The intention behind the first amendment has been inferred by the Supreme Court:
“Those who won our independence . . . believed that freedom to think as you will and to speak as you think are means indispensable to the discovery and spread of political truth; that, without free speech and assembly, discussion would be futile; that, with them, discussion affords ordinarily adequate protection against the dissemination of noxious doctrine; that the greatest menace to freedom is an inert people; that public discussion is a political duty, and that this should be a fundamental principle of the American government. They recognized the risks to which all human institutions are subject. But they knew that . . . fear breeds repression; that repression breeds hate; that hate menaces stable government; that the path of safety lies in the opportunity to discuss freely supposed grievances and proposed remedies, and that the fitting remedy for evil counsels is good ones. Believing in the power of reason as applied through public discussion, they eschewed silence coerced by law — the argument of force in its worst form. Recognizing the occasional tyrannies of governing majorities, they amended the Constitution so that free speech and assembly should be guaranteed.”
-Justice Brandeis, Whitney v.
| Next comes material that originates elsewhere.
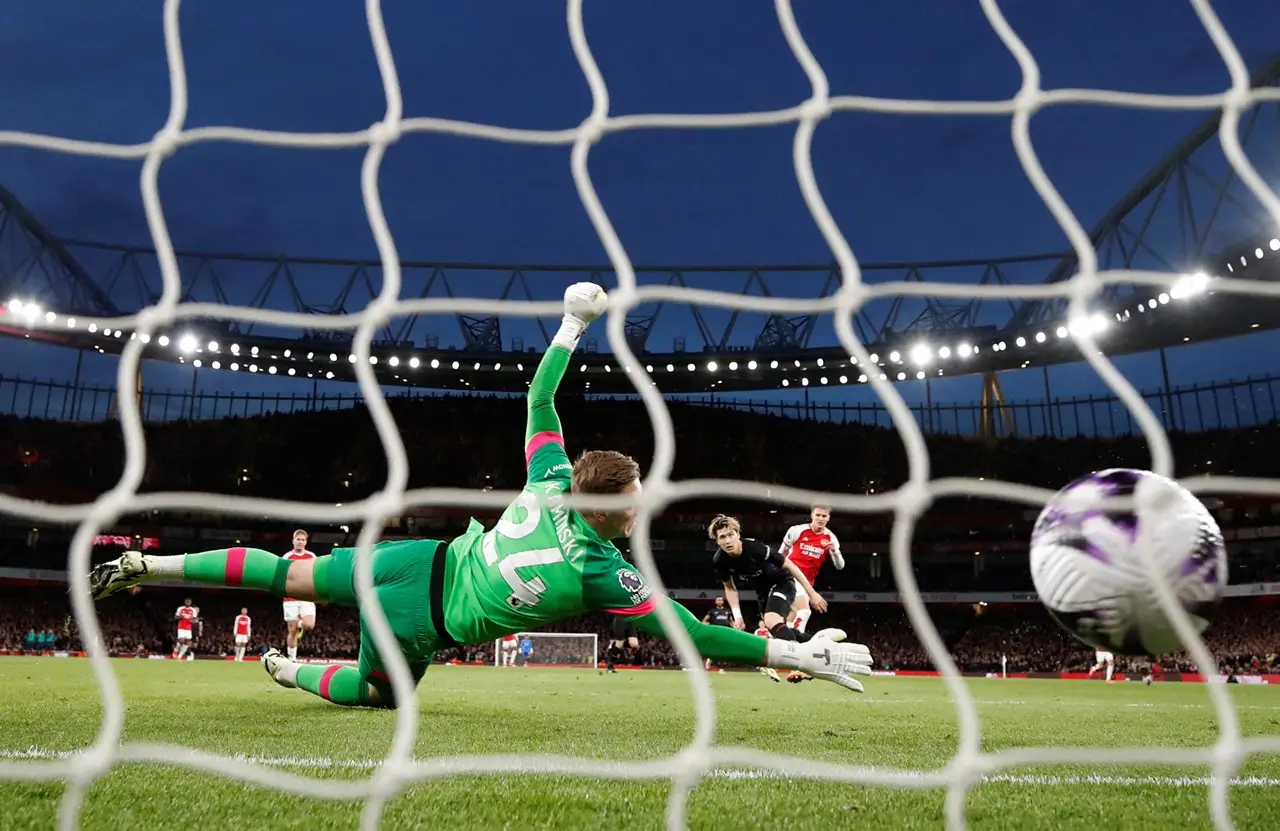 Hasil Liga Inggris:...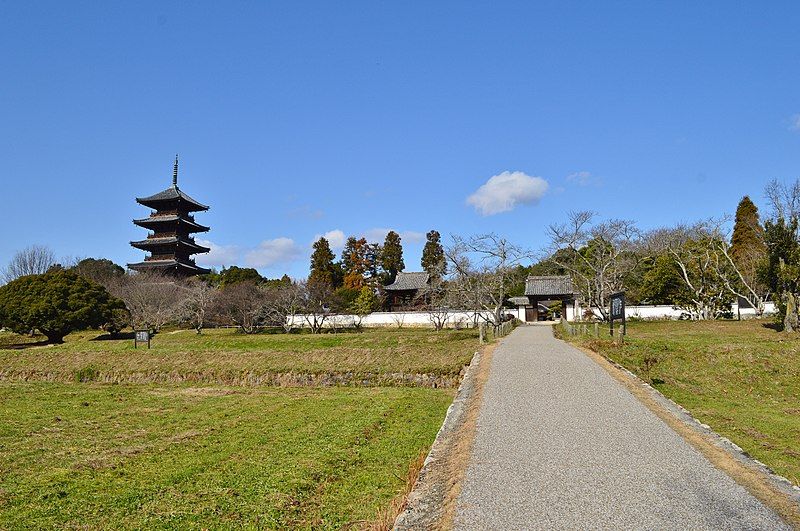 File:Bitchu Kokubunji, zenkei.jpg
California
Attend to an important phrase from above: “discussion affords ordinarily adequate protection against the dissemination of noxious doctrine.” This is a liberal and erroneous principle.
Here is one example why. As of this October, Protestantism will be 500 years old. One of the principles of Protestantism is sola scriptura or the Bible alone. With no recognition of an authoritative interpretation of the Bible, Protestants have been discussing what the Bible means for almost 500 years. The United States has always been a majority Protestant country and it continues to be so. Today the vast majority of women walk around in men’s clothing (i.e. pants) which according to the Bible (which Protestants profess to adhere to) is an abomination. In contrast, in Catholic Europe (before the so-called “Reformation”) one famous holy woman known even today was burned at the stake for doing this (she was exonerated later).
One of my college professors put it like this: in Catholic Europe it was a policy that if you have the truth you do not tolerate error.